§ Problem to solve
After locating the line that bears "Chi non le aspetta per novembre 2019 - 1", restate word for word that line and the rest of the listing to its final line, excluding all pictures.

§ Data excerpt

* * * * * * * * *

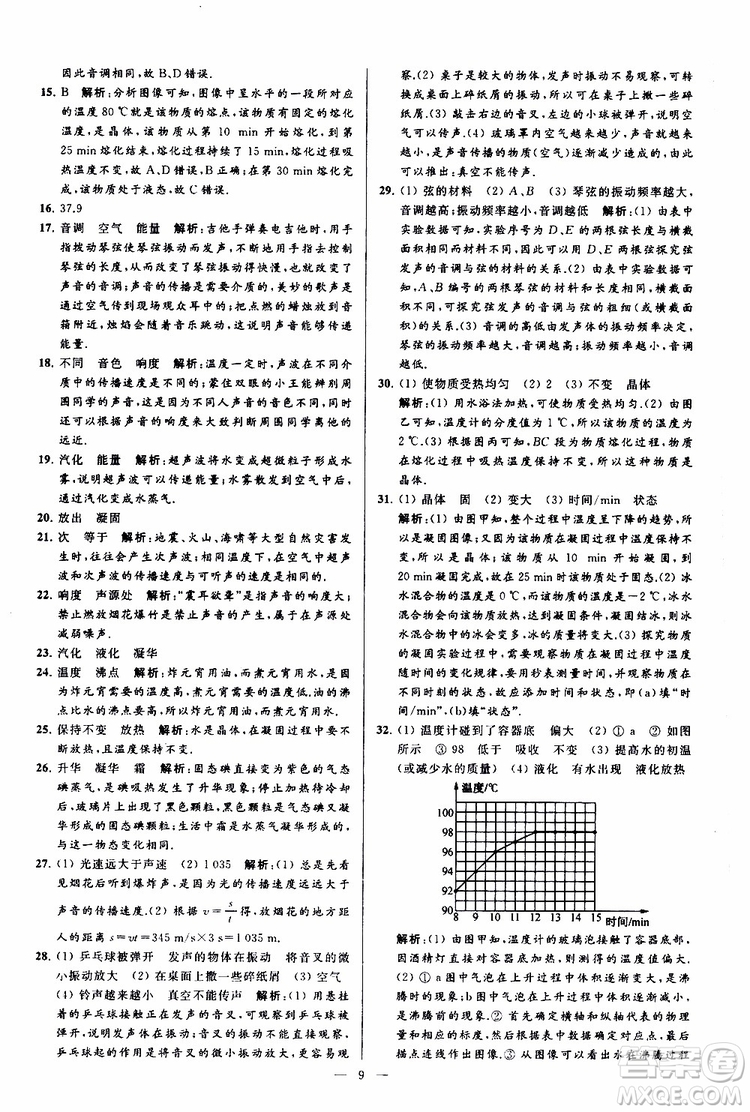 2019年亮點給力大試卷物理八年級上冊人教版參考答案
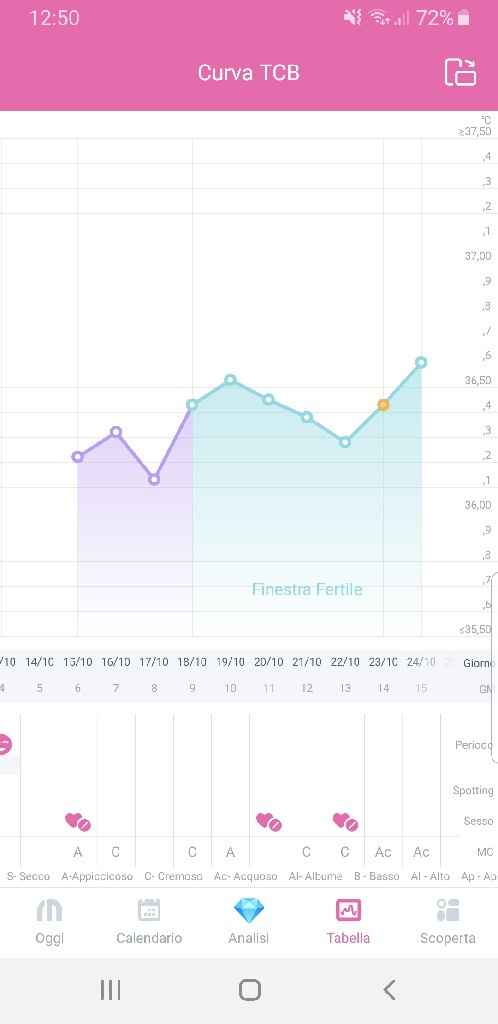 Chi non le aspetta per novembre 2019 - 1
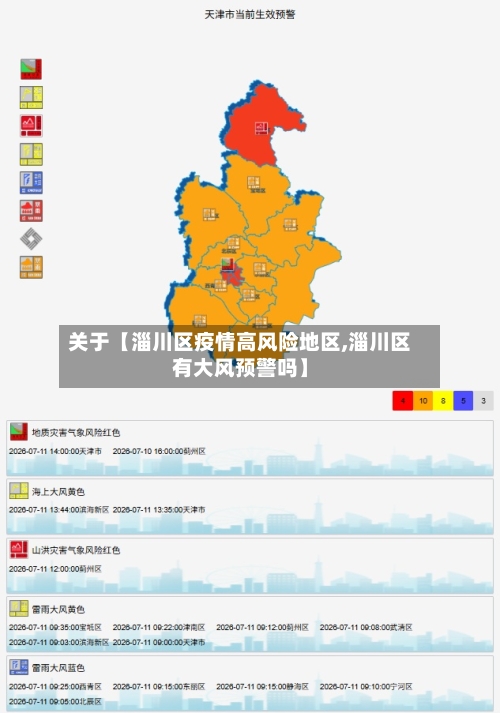 关于【淄川区疫情高风险地区,淄川区有大风预警吗】-第3张图片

* * * * * * * * *

§ Task result
 Chi non le aspetta per novembre 2019 - 1
 关于【淄川区疫情高风险地区,淄川区有大风预警吗】-第3张图片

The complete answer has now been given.